THE TASK
Copy task, pictures excluded: set down exactly the lines from the one containing "Beyaz arka planda bir grup güzel köpek" to the end of the data below.

▼▼▼

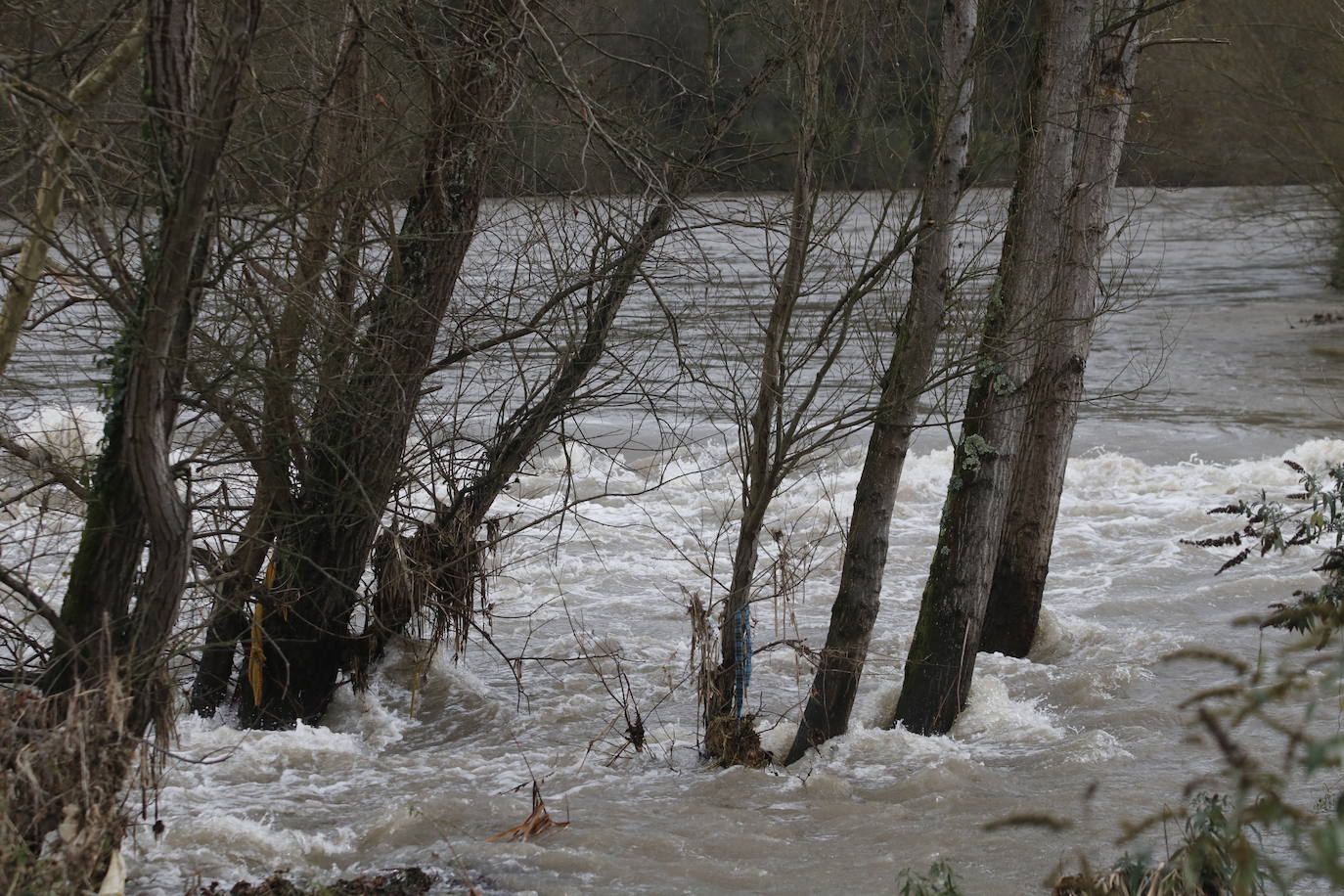Fotos: Alto caudal en el Nalón, el Trubia y el Nora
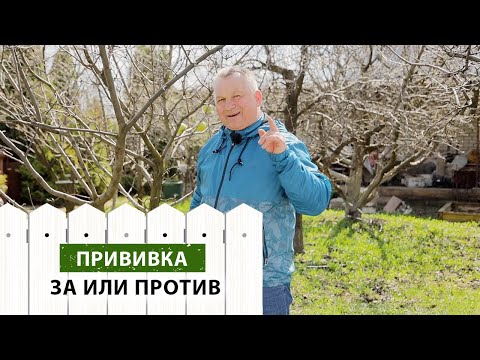 Видео: ПРИВИВКА плодовых деревьев. Зачем? Когда? Что нужно? (Полный гайд)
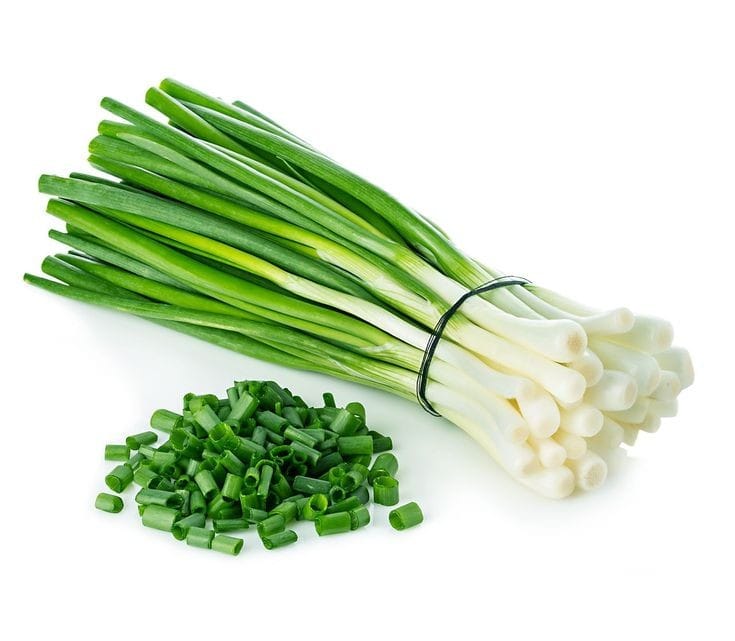 Green Onion Oleoresin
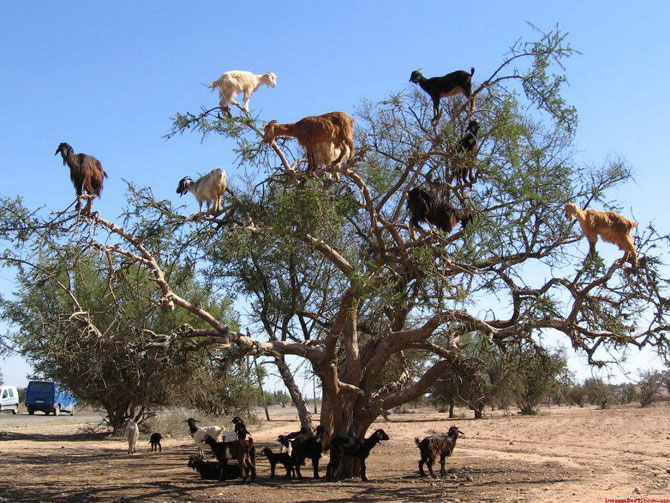 Марокканские козы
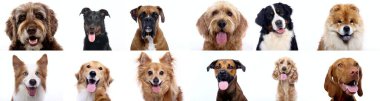 Beyaz arka planda bir grup güzel köpek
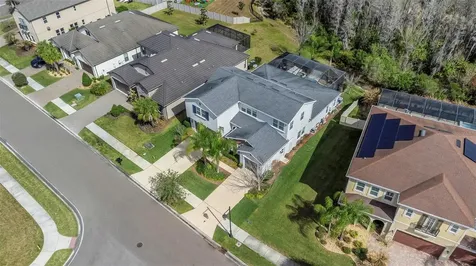 29494 Picana Lane Wesley Chapel FL 33543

▲▲▲

OUTPUT FOR THIS EXERCISE
 Beyaz arka planda bir grup güzel köpek
 29494 Picana Lane Wesley Chapel FL 33543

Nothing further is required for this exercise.